Today I would like to write a bit about last week’s Vienna Spark Meetup, which was the first of hopefully many more to come. Apache Spark is a computing framework for Big Data processing which is getting a lot of momentum lately. We at openForce recently used it for our Twitter Sentiment Analysis project which you can checkout on Github.
Bogdan Pirvu did a great job organising this event at a really nice art deco venue, the Novomatic Forum. It is owned by the sponsor of the meetup Novomatic and if you are into architecture (and not only in the context of software) you should check it out.
Bogdan managed to get Denny Lee from Databricks to do a remote talk from San Francisco. He is not only Technology Evangelist at the company behind Spark but has a ton of experience in the field of Big Data and BI. Before joining Databricks he was for instance involved in building Yahoo!’s 24TB Analysis Services cube, the largest in the world. You can find more infos about this and a lot of other interesting articles on Denny’s website.
In his talk he showed us a live demo using Databricks Notebooks for web log analysis. You can watch a video of this example here. Notebooks are an interactive workspace for exploration and visualization. The nice thing about it is that you can use multiple languages like R, Python, Scala or SQL within these notebooks and play around with the data and the Spark API. You can think of a notebook as something like a REPL on steroids, where you can easily go back, change your commands, hit enter and get the updated visualization in form of all kinds of fancy graphs.
It has to be said, that although Denny made a great effort to explain basic concepts like RDDs, Dataframes and Actions vs. Transformations his talk was for some of the less experienced audience members hard to follow. Nevertheless I think it is fair to say that Denny’s enthusiasm was infectious and will lead many of the audience to check out Spark in the future – might it be work related or just for fun.
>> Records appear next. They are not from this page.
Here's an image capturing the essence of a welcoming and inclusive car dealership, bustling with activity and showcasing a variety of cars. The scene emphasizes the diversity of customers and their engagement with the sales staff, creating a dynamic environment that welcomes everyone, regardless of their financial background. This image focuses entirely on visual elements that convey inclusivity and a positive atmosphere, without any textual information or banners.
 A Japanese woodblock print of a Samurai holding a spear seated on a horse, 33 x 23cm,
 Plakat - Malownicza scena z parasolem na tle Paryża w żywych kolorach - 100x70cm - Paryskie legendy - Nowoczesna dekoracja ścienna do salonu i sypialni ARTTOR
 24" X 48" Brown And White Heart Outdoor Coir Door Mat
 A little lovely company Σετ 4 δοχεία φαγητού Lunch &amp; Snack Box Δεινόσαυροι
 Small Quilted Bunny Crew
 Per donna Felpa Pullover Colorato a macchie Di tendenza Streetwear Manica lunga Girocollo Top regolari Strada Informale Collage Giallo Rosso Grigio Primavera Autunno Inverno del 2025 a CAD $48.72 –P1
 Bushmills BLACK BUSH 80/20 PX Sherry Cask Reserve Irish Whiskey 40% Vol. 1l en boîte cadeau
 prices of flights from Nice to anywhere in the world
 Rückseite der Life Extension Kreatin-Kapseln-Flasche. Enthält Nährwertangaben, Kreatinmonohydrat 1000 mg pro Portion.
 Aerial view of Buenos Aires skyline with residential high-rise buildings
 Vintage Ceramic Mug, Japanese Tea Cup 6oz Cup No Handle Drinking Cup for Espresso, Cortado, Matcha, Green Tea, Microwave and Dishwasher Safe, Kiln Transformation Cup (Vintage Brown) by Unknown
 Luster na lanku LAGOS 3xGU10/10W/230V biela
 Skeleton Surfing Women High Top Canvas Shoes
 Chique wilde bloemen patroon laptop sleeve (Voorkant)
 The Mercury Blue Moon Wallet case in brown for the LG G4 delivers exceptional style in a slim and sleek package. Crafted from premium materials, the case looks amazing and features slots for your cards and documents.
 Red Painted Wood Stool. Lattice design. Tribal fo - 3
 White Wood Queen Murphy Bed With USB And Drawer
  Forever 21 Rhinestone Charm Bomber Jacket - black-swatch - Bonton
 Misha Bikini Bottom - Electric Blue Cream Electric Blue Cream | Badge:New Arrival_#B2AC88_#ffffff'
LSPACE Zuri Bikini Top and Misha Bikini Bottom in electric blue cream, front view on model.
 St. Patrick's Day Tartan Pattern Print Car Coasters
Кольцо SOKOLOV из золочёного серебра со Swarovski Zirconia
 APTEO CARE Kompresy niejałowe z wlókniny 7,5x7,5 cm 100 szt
After Denny’s talk Bogdan took over and told us about his background and intentions with the Spark meetup he initiated. He also showed us a live demo of Apache Zeppelin, which is similar to the commercial Databricks Notebook but open source and currently an incubator project on Apache. It is also a web-based notebook for interactive data analysis which although in its early stages looks very promising. Especially for organisations which don’t allow cloud services to be used this could be a viable alternative as it can be installed and run on premise or locally. Bogdan couldn’t go into details about his work at Novomatic due to obvious confidentiality reasons but it was nevertheless interesting to see that a big Austrian company is investing in this topic.
To sum up, I can say that I very much enjoyed the talks and the inspired discussions afterwards and I am looking forward to the next Spark Meetup hopefully very soon.